TASK ITEM: For this exercise, repeat the records below exactly and omit every picture.

------------------------------------------------

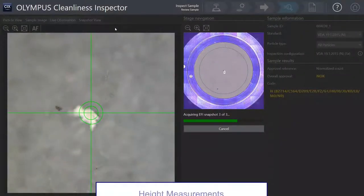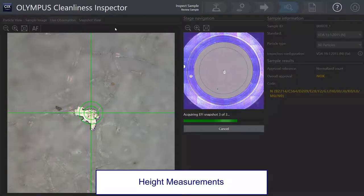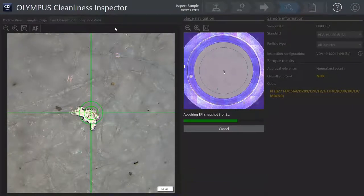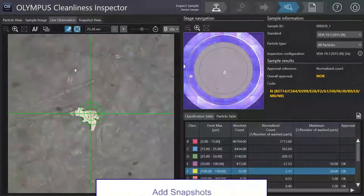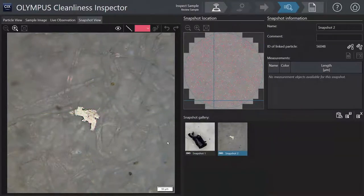For selected particles, height measurement is performed either automatically or manually. Snapshots support the documentation of this live observation.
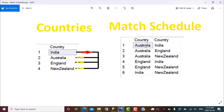Starting if we sort it in ascending order, starting with Australia, it has its matches with India, England and New Zealand. Then England has its match with India, New Zealand and Australia, which is already defined in the row above. And so are the matches for India. So every country is playing with every other country in this table.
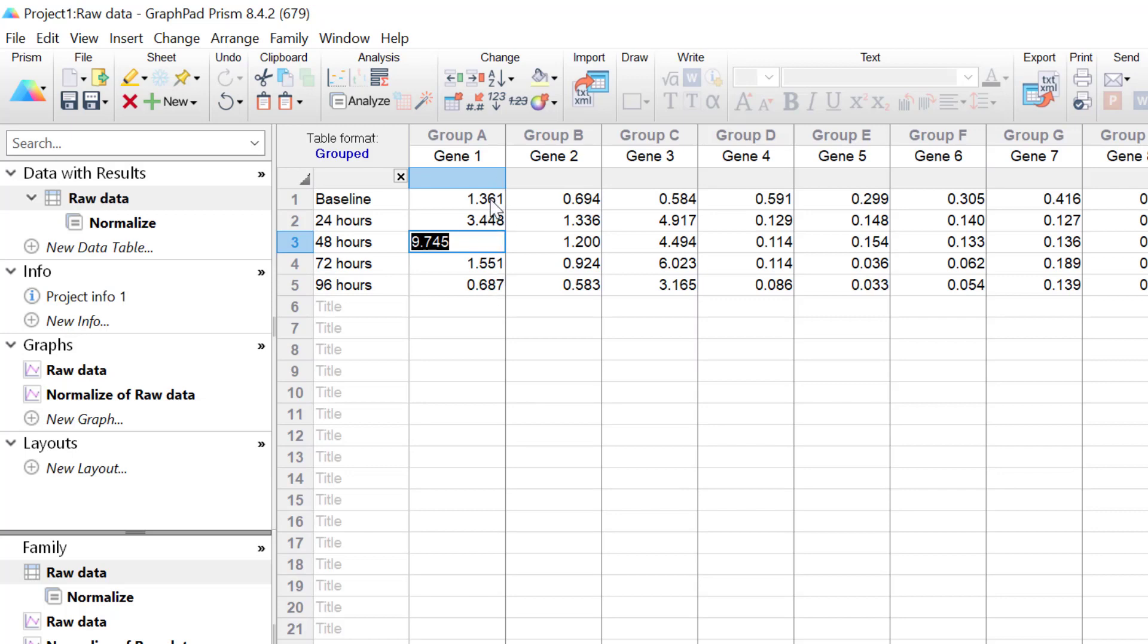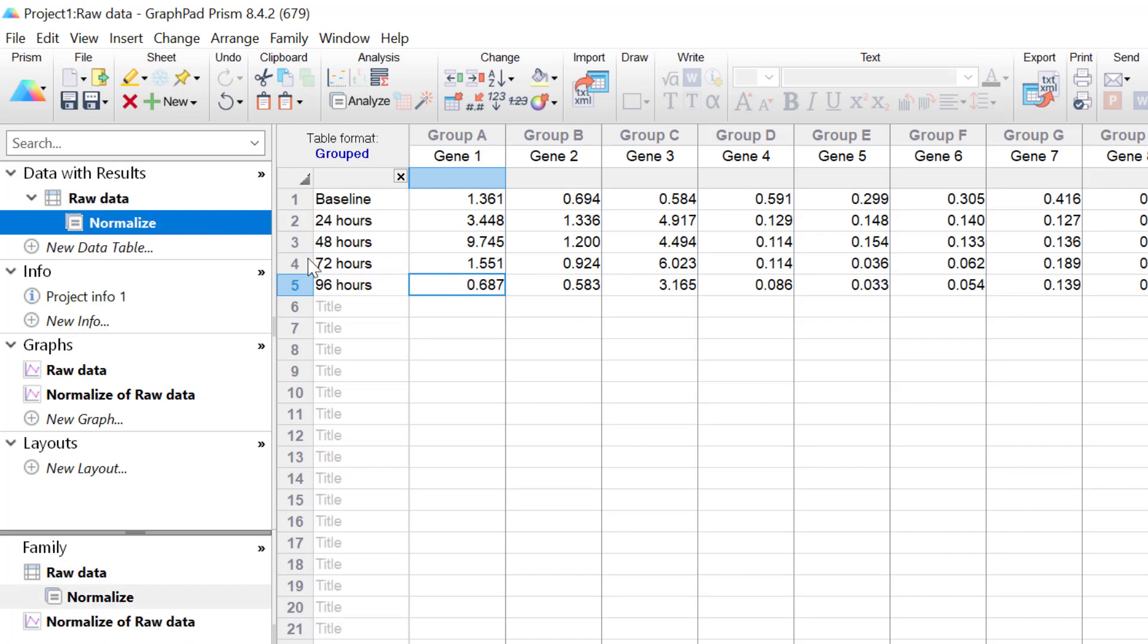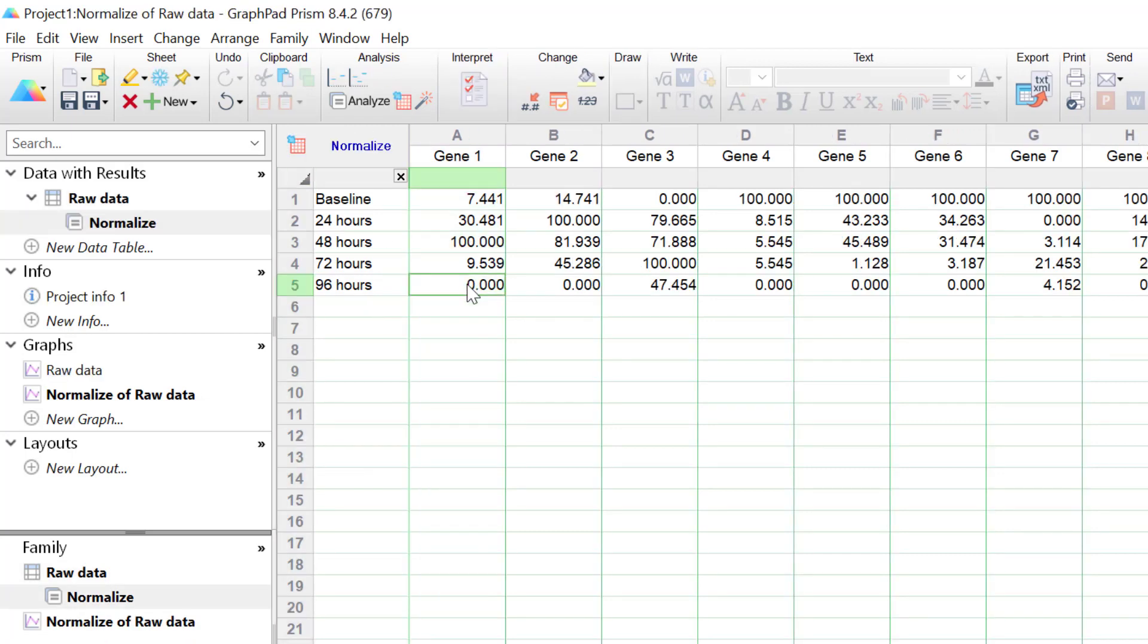So it is set as 100%. Similarly, the value for 96 hours was set at 0%, and that's because if you look here, this value is actually the smallest value within this column, as you can see here.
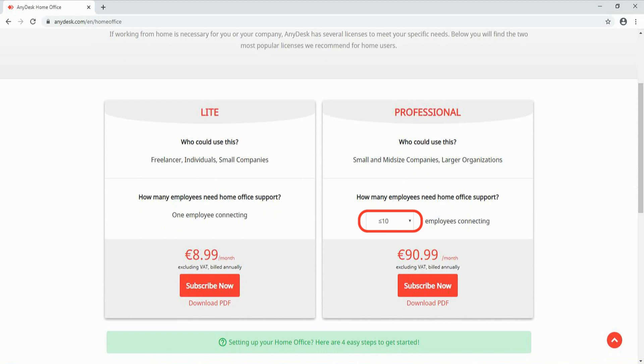For example, if you have 100 employees working in shifts 24 hours a day, 50 employees per each 12-hour shift, you need to register only 50 employees, not 100.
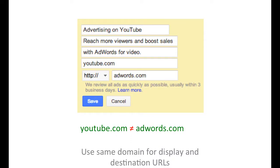What is a correct display URL? Here are a few of the policy guidelines for your display URL. The display URL in your ad must fully match the domain of the website where users will land after clicking your ad. A domain is the core part of a website's URL address. For example, for both youtube.com/ads and www.youtube.com/google, the domain is youtube.com.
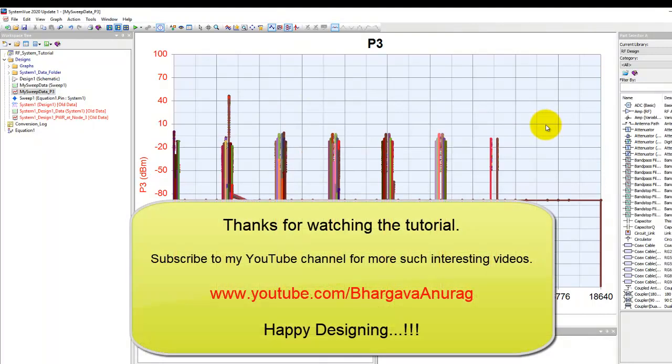That's all for this video. Hope you like the content presented and it will be helpful to you in your design work. Thanks a lot for watching.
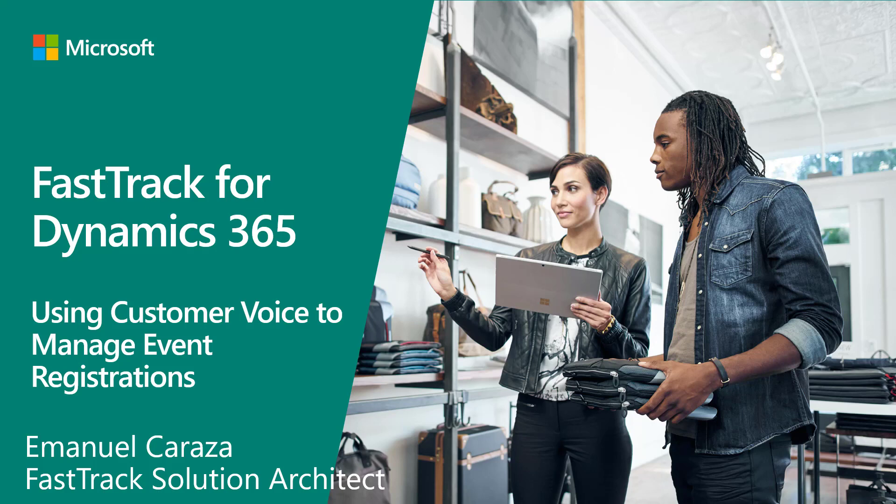Hello, my name is Emmanuel Carrasa. I'm a Fast Track solution architect within Microsoft. Today I'm going to be presenting how we can use Customer Voice as an alternative to manage event registrations for Dynamics Marketing.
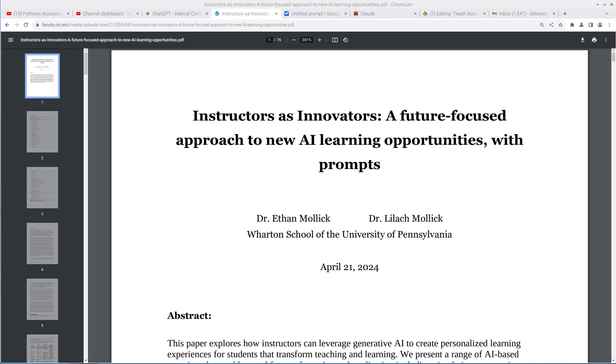This is the Pythonic Accountant, and what I have for you today is an excellent paper by Dr. Ethan Mollick and Dr. Leelach Mollick.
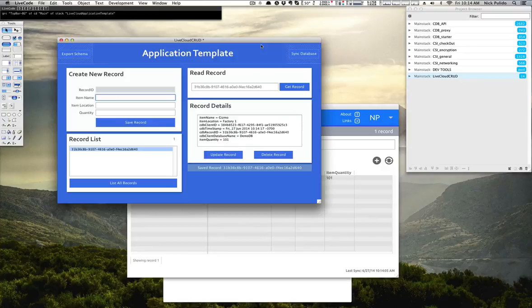The application template contains all the sample code which you'll use to create your applications. I hope this was helpful. Thanks.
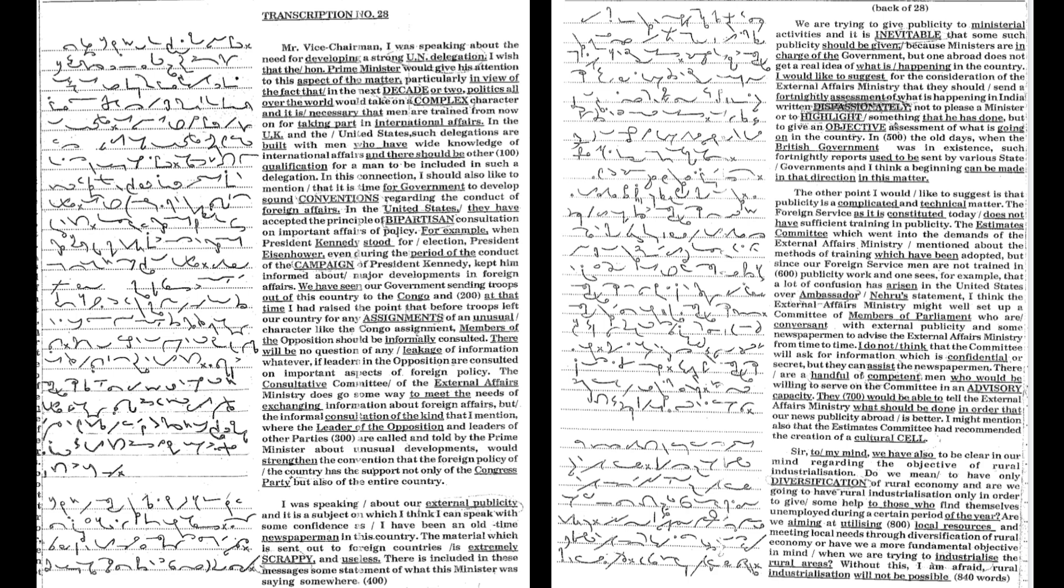In the old days when the British government was in existence, such fortnightly reports used to be sent by various state governments and I think a beginning can be made in that direction in this matter.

------------------------------------------------

EXERCISE SOLUTION:
For selected particles, height measurement is performed either automatically or manually. Snapshots support the documentation of this live observation.
Starting if we sort it in ascending order, starting with Australia, it has its matches with India, England and New Zealand. Then England has its match with India, New Zealand and Australia, which is already defined in the row above. And so are the matches for India. So every country is playing with every other country in this table.
So it is set as 100%. Similarly, the value for 96 hours was set at 0%, and that's because if you look here, this value is actually the smallest value within this column, as you can see here.
For example, if you have 100 employees working in shifts 24 hours a day, 50 employees per each 12-hour shift, you need to register only 50 employees, not 100.
What is a correct display URL? Here are a few of the policy guidelines for your display URL. The display URL in your ad must fully match the domain of the website where users will land after clicking your ad. A domain is the core part of a website's URL address. For example, for both youtube.com/ads and www.youtube.com/google, the domain is youtube.com.
That's all for this video. Hope you like the content presented and it will be helpful to you in your design work. Thanks a lot for watching.
Hello, my name is Emmanuel Carrasa. I'm a Fast Track solution architect within Microsoft. Today I'm going to be presenting how we can use Customer Voice as an alternative to manage event registrations for Dynamics Marketing.
This is the Pythonic Accountant, and what I have for you today is an excellent paper by Dr. Ethan Mollick and Dr. Leelach Mollick.
The application template contains all the sample code which you'll use to create your applications. I hope this was helpful. Thanks.
In the old days when the British government was in existence, such fortnightly reports used to be sent by various state governments and I think a beginning can be made in that direction in this matter.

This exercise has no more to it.